> _Data in this exercise_:
*** Begin section ***
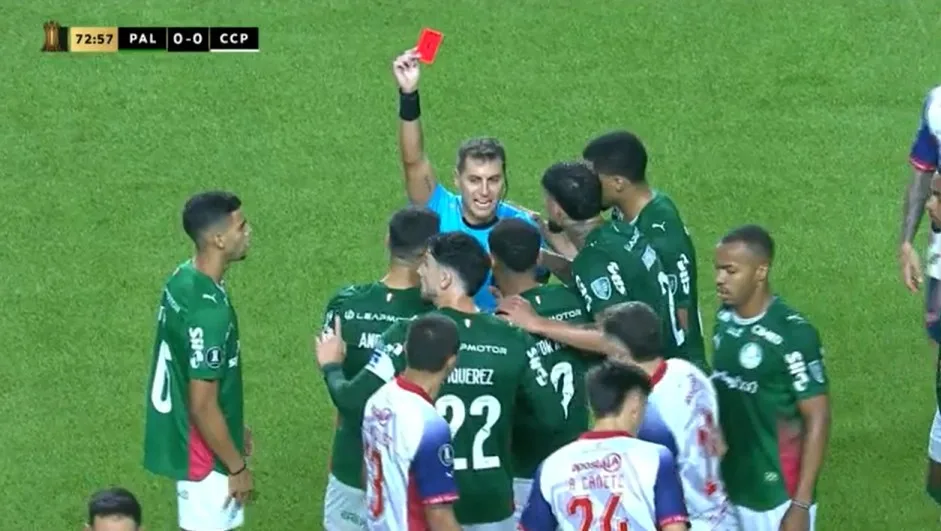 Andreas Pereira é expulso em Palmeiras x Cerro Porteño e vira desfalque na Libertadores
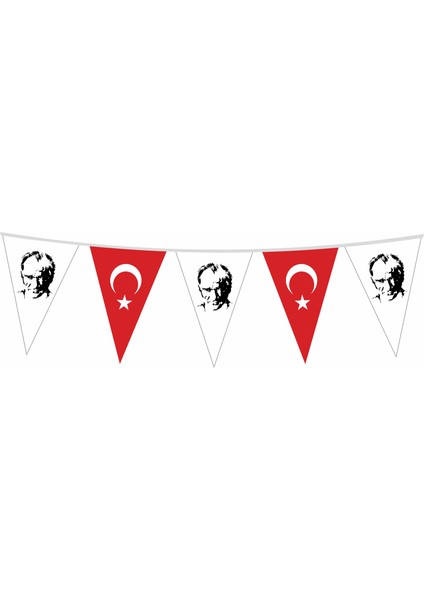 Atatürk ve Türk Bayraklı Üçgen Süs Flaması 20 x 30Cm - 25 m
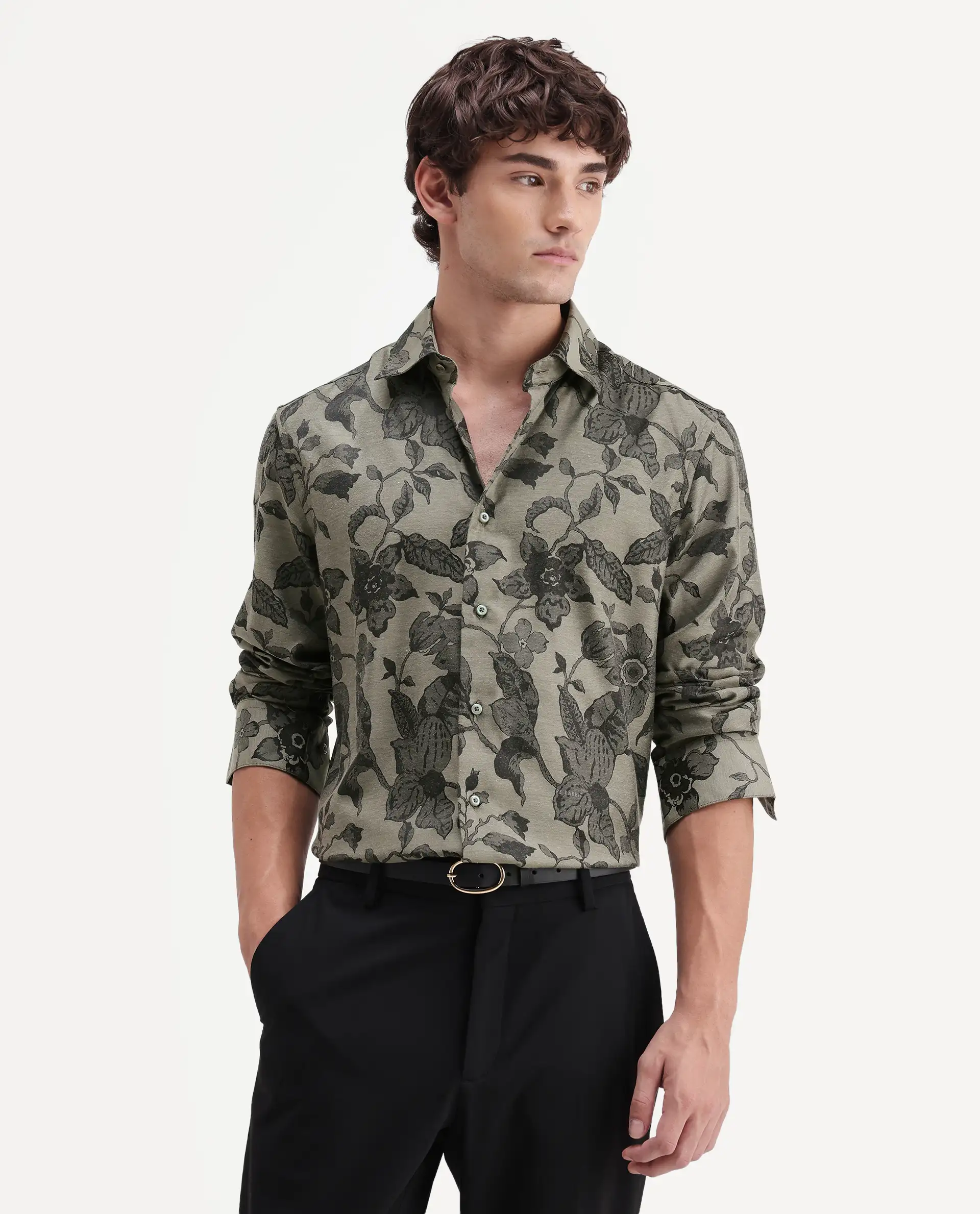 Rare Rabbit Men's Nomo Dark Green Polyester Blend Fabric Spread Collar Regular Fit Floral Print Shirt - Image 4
*** End section ***
*** Begin section ***
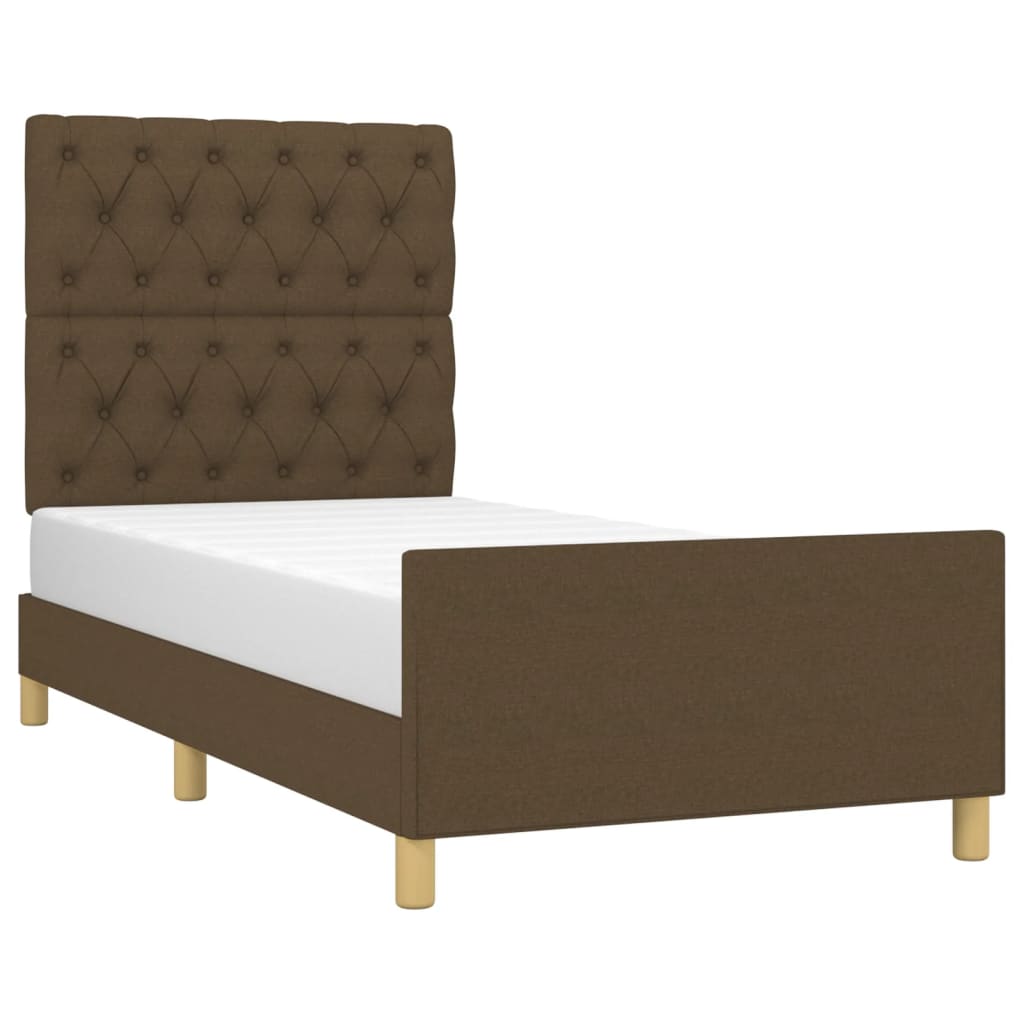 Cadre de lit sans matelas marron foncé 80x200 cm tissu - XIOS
*** End section ***
> _Goal of the exercise_: In the data above, start at the line holding "Andreas Pereira é" and stop after the line holding "Rare Rabbit Men's"; write out those lines exactly, without pictures.

> _Result_:
 Andreas Pereira é expulso em Palmeiras x Cerro Porteño e vira desfalque na Libertadores
 Atatürk ve Türk Bayraklı Üçgen Süs Flaması 20 x 30Cm - 25 m
 Rare Rabbit Men's Nomo Dark Green Polyester Blend Fabric Spread Collar Regular Fit Floral Print Shirt - Image 4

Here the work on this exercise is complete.